2. Configure ClickHouse database roles and permissions

note

The procedures in this section assumes that SQL Access Control and Account Management in ClickHouse has been enabled. To enable, view the SQL Users and Roles guide.

  1. Create a role in clickhouse with the same name used in the role mapping section of the config.xml file

    CREATE ROLE scientists_role;

  2. Grant needed privileges to the role. The following statement grants admin privileges to any user able to authenticate through LDAP:

    GRANT ALL ON *.* TO scientists_role;

3. Test the LDAP configuration

  1. Login using the ClickHouse client

    $ clickhouse-client --user einstein --password password
    ClickHouse client version 22.2.2.1.
    Connecting to localhost:9000 as user einstein.
    Connected to ClickHouse server version 22.2.2 revision 54455.

    chnode1 :)
    note

    Use the ldapsearch command in step 1 to view all of the users available in the directory and for all of the users the password is password

  2. Test that the user was mapped correctly to the scientists_role role and has admin permissions

    SHOW DATABASES
    Query id: 93b785ff-1482-4eda-95b0-b2d68b2c5e0f

    ┌─name───────────────┐
    │ INFORMATION_SCHEMA │
    │ db1_mysql          │
    │ db2                │
    │ db3                │
    │ db4_mysql          │
    │ db5_merge          │
    │ default            │
    │ information_schema │
    │ system             │
    └────────────────────┘

    9 rows in set.

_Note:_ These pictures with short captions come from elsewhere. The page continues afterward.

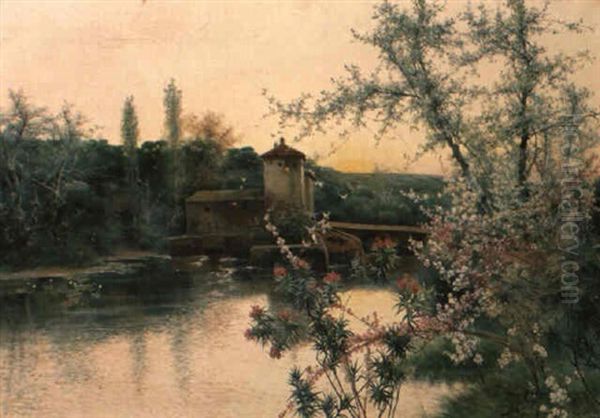 Casona En El Lago Oil Painting by Manuel Garcia y Rodriguez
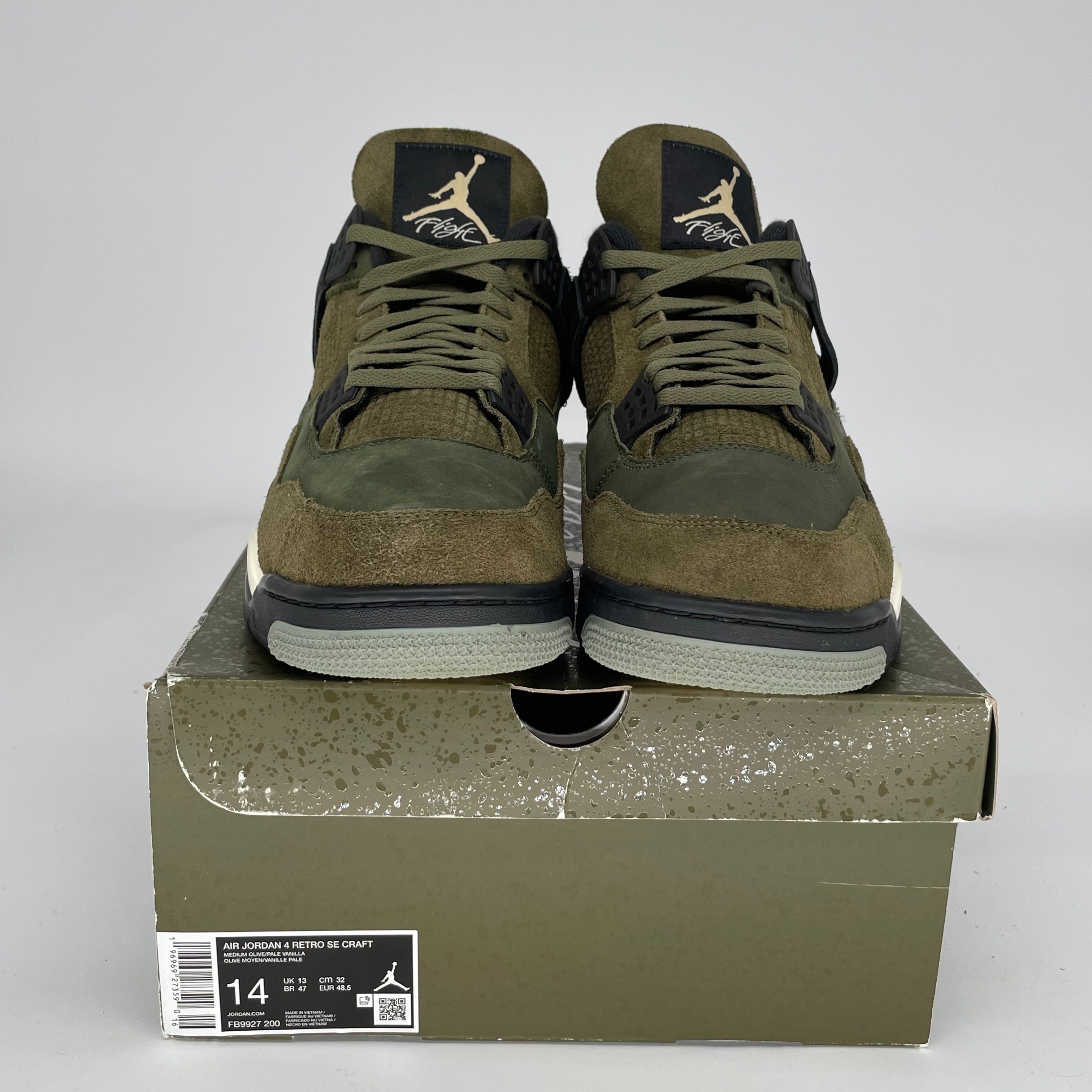 AIR JORDAN 4 CRAFT MEDIUM OLIVE Men's Basketball Shoes Size 14 FB9927-200 - Perfect for Streetwear Fashion & Basketball Games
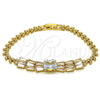 Pulsera Elegante 03.283.0305.07 Oro Laminado, Diseño de Baguette y Oja, con Blanca Zirconia Cubica, Pulido, Tono Dorado (05 MM Thickness, 7 Inches Length)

Elapsed: 0.004 sec.

Summary

This article demostrated the basics of configuring ClickHouse to authenticate to an LDAP server and also to map to a role. There are also options for configuring individual users in ClickHouse but having those users be authenticated by LDAP without configuring automated role mapping. The LDAP module can also be used to connect to Active Directory.